Artificial intelligence applications can be used in scientific information retrieval at various stages. It is particularly suitable for the planning phase of information retrieval and for actual search in occasions that require only a small number of references. AI has also been integrated into many existing information retrieval tools.
At least for now, AI cannot generate extensive searches from diverse sources with comprehensive coverage of references. The answers produced by AI must always be checked by yourself, as is often the case with other uses of AI too.
Prompt and discuss:
Utilize the conversation option of AI applications in your information search. You can ask follow-up questions to the application either on your own or by choosing from ready-made questions. Through conversation, you often get more precise answers and a better overall understanding of the topic. Test various terms in your prompts and try different conversation starters.
Follow the rules:
It is important to follow the guidelines provided for AI use in studies and research. If the use of AI is permitted, it is generally recommended to indicate how it has been used in the work. Check out UEF's general guidelines on the use of AI.
Remember data security! Do not provide personal or confidential information to AI. See the UEF guidelines for more information.
Information retrieval from scientific databases
Traditional literature reference databases have been enhanced with AI tools. In the Web of Science database the tool is called Research Assistant, and in the Scopus database it is called Scopus AI.
These database tools utilize both external language models and their own technologies.
The two tools have similarities:
- Search is done in natural language.
- Search can be performed in different languages.
- The search is first translated into English using AI, so it is advisable to check the translation.

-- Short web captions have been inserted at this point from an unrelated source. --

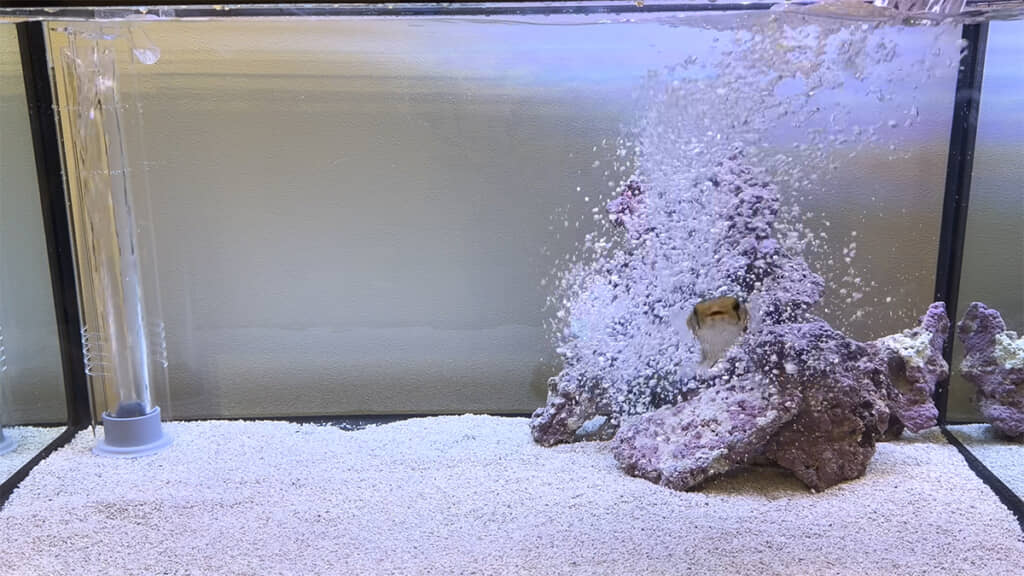 水槽に投入！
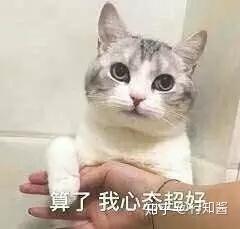 洋抖难民交猫税背后的真相揭秘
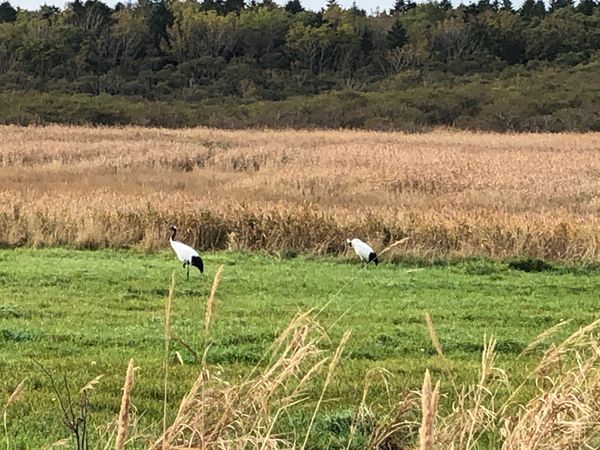 日本・北海道「釧路から知床を目指したレンタカーの旅」の写真：国後島を見に野付半島へ。途中、タンチョウ...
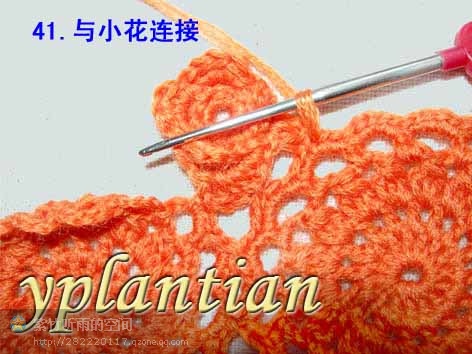 “菊影”一線連（一片藍(lán)天老師的教程） - wl961121 - 人生淡如菊的博客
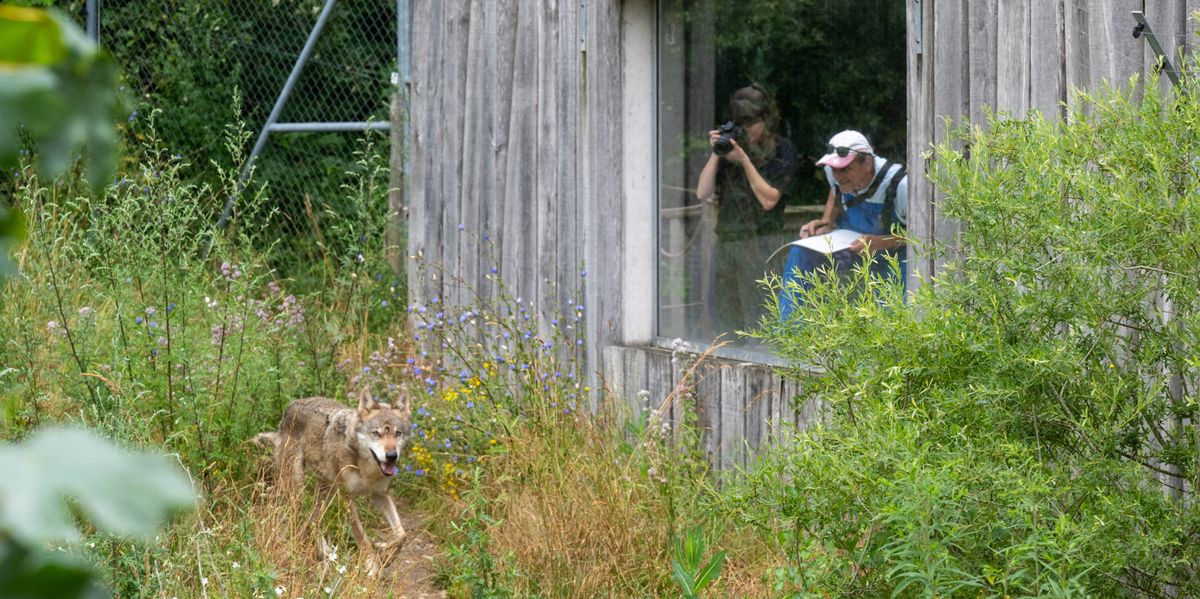 Le Vaud, le 22 juillet 2024, Les taxidermistes André Keiser et Céline Mouillé observent un loup au zoo de la Garenne. En photos ou en croquis pour mieux travailler sur leur prochain loup gris à empailler. ©Florian Cella/24h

- Follow-up questions are in the same language as the original question.
- The program retrieves a couple of suitable sources from the database's own materials and uses them to create an answer to the question.
- The answer includes references to the sources used.
- The program presents a concept map on the topic and indicates top researchers and the most cited articles of the topic.
- The search can be continued with ready-made, often more elaborating questions.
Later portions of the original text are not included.